Flavia presently entered, a book in her hand, and bade them all good morning. "Come, little people, which story shall it be this morning?" she asked winningly. Greatly excited, the children followed her into the garden. "She does then, sometimes," murmured Imogen as they left the breakfast room.

"Oh, yes, to be sure," said Miss Broadwood cheerfully. "She reads a story to them every morning in the most picturesque part of the garden. The mother of the Gracchi, you know. She does so long, she says, for the time when they will be intellectual companions for her. What do you say to a walk over the hills?"

As they left the house they met Frau Lichtenfeld and the bushy Herr Schotte--the professor cut an astonishing figure in golf stockings--returning from a walk and engaged in an animated conversation on the tendencies of German fiction.

"Aren't they the most attractive little children," exclaimed Imogen as they wound down the road toward the river.

"Yes, and you must not fail to tell Flavia that you think so. She will look at you in a sort of startled way and say, 'Yes, aren't they?' and maybe she will go off and hunt them up and have tea with them, to fully appreciate them. She is awfully afraid of missing anything good, is Flavia. The way those youngsters manage to conceal their guilty presence in the House of Song is a wonder."

"But don't any of the artist-folk fancy children?" asked Imogen.

"Yes, they just fancy them and no more. The chemist remarked the other day that children are like certain salts which need not be actualized because the formulae are quite sufficient for practical purposes. I don't see how even Flavia can endure to have that man about."

"I have always been rather curious to know what Arthur thinks of it all," remarked Imogen cautiously.

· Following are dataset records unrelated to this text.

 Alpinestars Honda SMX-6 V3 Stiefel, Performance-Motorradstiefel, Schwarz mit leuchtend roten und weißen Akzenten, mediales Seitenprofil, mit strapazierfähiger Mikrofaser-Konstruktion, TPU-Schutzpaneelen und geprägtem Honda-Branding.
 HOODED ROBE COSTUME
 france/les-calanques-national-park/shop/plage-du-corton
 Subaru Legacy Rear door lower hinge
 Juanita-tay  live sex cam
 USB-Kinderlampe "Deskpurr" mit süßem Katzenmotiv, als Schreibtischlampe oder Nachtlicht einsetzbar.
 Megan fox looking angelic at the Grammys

"Thinks of it!" ejaculated Miss Broadwood. "Why, my dear, what would any man think of having his house turned into an hotel, habited by freaks who discharge his servants, borrow his money, and insult his neighbors? This place is shunned like a lazaretto!"

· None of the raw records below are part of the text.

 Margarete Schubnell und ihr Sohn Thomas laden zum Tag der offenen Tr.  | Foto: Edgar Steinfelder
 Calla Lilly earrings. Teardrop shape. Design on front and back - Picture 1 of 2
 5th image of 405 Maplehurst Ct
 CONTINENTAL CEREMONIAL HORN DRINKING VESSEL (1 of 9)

Well, then, why does he--why does he--" persisted Imogen.

"Bah!" interrupted Miss Broadwood impatiently, "why did he in the first place? That's the question."

"Marry her, you mean?" said Imogen coloring.

"Exactly so," said Miss Broadwood sharply, as she snapped the lid of her matchbox.

"I suppose that is a question rather beyond us, and certainly one which we cannot discuss," said Imogen. "But his toleration on this one point puzzles me, quite apart from other complications."

"Toleration? Why this point, as you call it, simply is Flavia. Who could conceive of her without it? I don't know where it's all going to end, I'm sure, and I'm equally sure that, if it were not for Arthur, I shouldn't care," declared Miss Broadwood, drawing her shoulders together.

"But will it end at all, now?"

"Such an absurd state of things can't go on indefinitely. A man isn't going to see his wife make a guy of herself forever, is he? Chaos has already begun in the servants' quarters.

There are six different languages spoken there now. You see, it's all on an entirely false basis. Flavia hasn't the slightest notion of what these people are really like, their good and their bad alike escape her. They, on the other hand, can't imagine what she is driving at.

Now, Arthur is worse off than either faction; he is not in the fairy story in that he sees these people exactly as they are, but he is utterly unable to see Flavia as they see her.

There you have the situation. Why can't he see her as we do? My dear, that has kept me awake o' nights. This man who has thought so much and lived so much, who is naturally a critic, really takes Flavia at very nearly her own estimate. But now I am entering upon a wilderness. From a brief acquaintance with her you can know nothing of the icy fastnesses of Flavia's self- esteem. It's like St. Peter's; you can't realize its magnitude at once. You have to grow into a sense of it by living under its shadow. It has perplexed even Emile Roux, that merciless dissector of egoism. She has puzzled him the more because be saw at a glance what some of them do not perceive at once, and what will be mercifully concealed from Arthur until the trump sounds; namely, that all Flavia's artists have done or ever will do means exactly as much to her as a symphony means to an oyster; that there is no bridge by which the significance of any work of art could be conveyed to her."